Image source: Getty Images.

A change of heart?

In June, the administration announced a deal with private insurers to reduce their use of prior authorization. At the time, Mehmet Oz, administrator of the Centers for Medicare & Medicaid, said that prior authorization significantly delays patient care and can't be tolerated in the Trump administration.

Less than two months later, the administration announced that it would extend prior authorization for Medicare recipients.

How it's expected to work

The program, WISeR -- short for Wasteful and Inappropriate Service Reduction -- will use an AI algorithm to make prior authorization decisions for some Medicare services. Per the Federal Register, these are the services the pilot program will closely examine:

  • Electrical nerve stimulators
  • Sacral nerve stimulation for urinary incontinence
  • Phrenic nerve stimulator
  • Deep brain stimulation for essential tremor and Parkinson's disease
  • Vagus nerve stimulation
  • Induced lesions of nerve tracts
  • Epidural steroid injections for pain management, excluding facet joint injections
  • Percutaneous vertebral augmentation (PVA) for vertebral compression fracture (VCF)
  • Cervical fusion
  • Arthroscopic lavage and arthroscopic debridement for the osteoarthritic knee
  • Hypoglossal nerve stimulation for obstructive sleep apnea
  • Incontinence control devices
  • Percutaneous image-guided lumbar decompression for spinal stenosis
  • Skin and tissue substitutes

Other procedures may be added to the list as patients wait to learn if they will need to withdraw money from their savings accounts to pay for formerly covered services.

Dueling opinions

According to the Centers for Medicare & Medicaid Services (CMS), the new program will "help protect American taxpayers by leveraging enhanced technologies, such as artificial intelligence (AI) and Machine Learning (ML), along with human clinical review, to ensure timely and appropriate Medicare payment for select items and services. The voluntary model will encourage care navigation, encouraging safe and evidence-supported best practices for treating people with Medicare."

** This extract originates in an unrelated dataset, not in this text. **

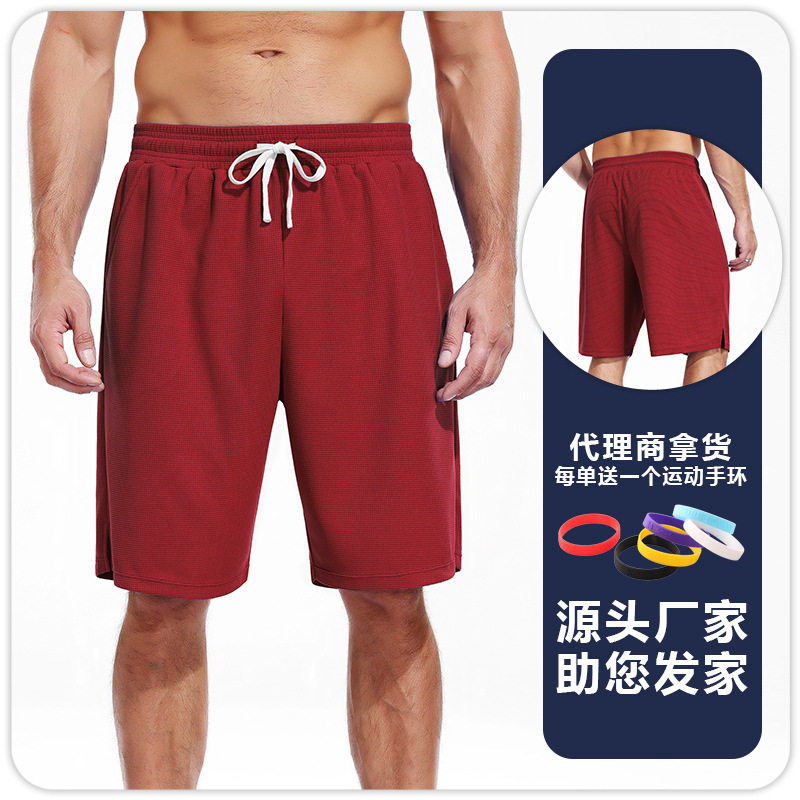Nuevos pantalones de baloncesto waffle para hombres frescos de una sola capa de piel transpirable deportivo de pulsación de doble bolsillo pantalones de fitness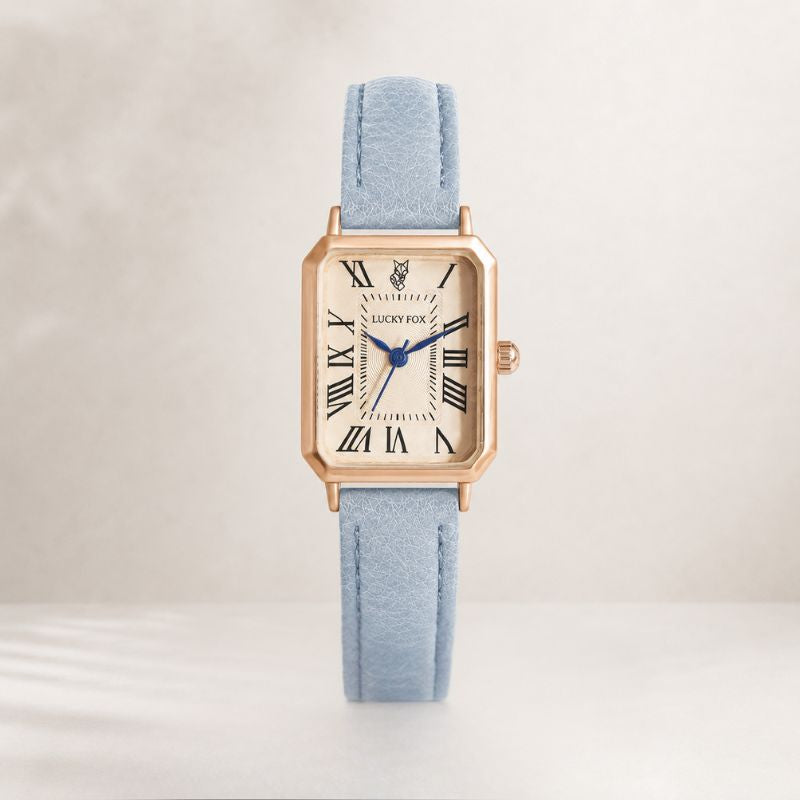 Rectangular Roman Numeral Leather Watch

On the other hand, Jennifer Brackeen, senior director of government affairs for the Washington State Hospital Association, has this to say: "Shared savings arrangements mean that vendors financially benefit when less care is delivered." Brackeen argues that shared savings arrangements create a powerful incentive for companies to deny medically necessary care.

Further, doctors already appear concerned about prior authorizations. In a 2024 American Medical Association survey, 93% of physicians reported that prior authorizations delay access to needed care, and 29% said their patients have suffered a serious event because treatment was stalled. Due to already spending nearly two full workdays each week dealing with prior authorization issues, 89% of those surveyed said prior authorization increases physician burnout.

If you live in one of the six states where the pilot program is implemented, you may notice treatment delays due to prior authorization or you may notice no difference at all. As with any pilot program, it's all about collecting real-world feedback to learn if it's effective enough to spread to other states.